Pasión: cada día falta porque está escondida en cada uno de nosotros tras la cortina de la pereza, del consumismo, del egoísmo. Sacudamos nuestro corazón, hagamos aflorar la pasión que está dentro de nosotros, pasión por algo que valga la pena, y pongámosla al servicio de los demás, al servicio de Dios.
Jesucristo reacciona con viveza ante la amenaza que pesa una vez más sobre la comunidad a causa de la ambición desenfrenada de copar los primeros lugares, de conquistar el poder. Su lección es muy severa, casi solemne. Él propone como compensación una nueva economía social: la de una comunidad sin poder cuya única regla es servir, ofreciendo la propia vida por los hermanos, bebiendo el cáliz hasta la última gota. Y por todos sus miembros, porque todos son hermanos.

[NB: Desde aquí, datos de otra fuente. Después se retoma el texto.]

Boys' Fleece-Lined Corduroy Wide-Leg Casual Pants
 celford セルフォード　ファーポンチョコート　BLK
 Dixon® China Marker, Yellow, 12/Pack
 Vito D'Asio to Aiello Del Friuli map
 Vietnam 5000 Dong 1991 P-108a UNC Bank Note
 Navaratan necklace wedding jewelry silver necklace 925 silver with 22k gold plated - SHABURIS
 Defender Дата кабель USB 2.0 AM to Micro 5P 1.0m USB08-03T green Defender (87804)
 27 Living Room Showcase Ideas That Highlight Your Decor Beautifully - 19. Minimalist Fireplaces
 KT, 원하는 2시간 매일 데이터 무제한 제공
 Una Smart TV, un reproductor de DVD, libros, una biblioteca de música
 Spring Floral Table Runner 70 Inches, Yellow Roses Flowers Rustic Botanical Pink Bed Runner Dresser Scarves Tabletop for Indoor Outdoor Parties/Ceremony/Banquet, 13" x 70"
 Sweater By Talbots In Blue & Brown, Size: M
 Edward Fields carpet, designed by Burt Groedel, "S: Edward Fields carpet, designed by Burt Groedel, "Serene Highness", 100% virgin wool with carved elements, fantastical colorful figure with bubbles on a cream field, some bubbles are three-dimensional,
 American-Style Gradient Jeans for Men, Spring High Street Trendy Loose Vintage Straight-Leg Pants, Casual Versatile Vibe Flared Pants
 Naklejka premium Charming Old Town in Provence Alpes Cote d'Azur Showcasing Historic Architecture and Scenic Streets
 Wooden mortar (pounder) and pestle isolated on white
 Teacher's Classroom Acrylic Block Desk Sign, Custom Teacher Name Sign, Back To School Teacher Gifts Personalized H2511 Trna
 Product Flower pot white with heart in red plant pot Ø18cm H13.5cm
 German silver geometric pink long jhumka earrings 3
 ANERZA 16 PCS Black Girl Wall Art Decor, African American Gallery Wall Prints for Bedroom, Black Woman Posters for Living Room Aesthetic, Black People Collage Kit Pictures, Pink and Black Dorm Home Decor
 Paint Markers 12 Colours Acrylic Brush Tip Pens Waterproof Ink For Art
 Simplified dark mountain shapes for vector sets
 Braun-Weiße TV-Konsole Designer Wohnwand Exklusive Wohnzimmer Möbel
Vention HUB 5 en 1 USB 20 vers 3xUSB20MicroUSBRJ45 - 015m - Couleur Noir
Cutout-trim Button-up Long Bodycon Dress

A la imagen del jefe que manda se contrapone la del que sirve. Los que van a la cabeza paradójicamente tienen una única misión: servir. Su prototipo es el Mesías, convertido en Hijo del Hombre, siervo de todos los siervos, para rescate de aquellos a los que ofrece lo que tiene, es decir: todo. Él aplica una técnica poco empleada para sanar a la sociedad humana: la homeopatía. La entrega radical de Jesús junto con la nuestra, curarán a toda la humanidad de su esclavitud endémica: el egoísmo y el pecado. Él ha formulado su proyecto de comunidad, su carta constitucional, a la que todos los participantes deben adherirse: cada uno tiene que ser servidor de todos.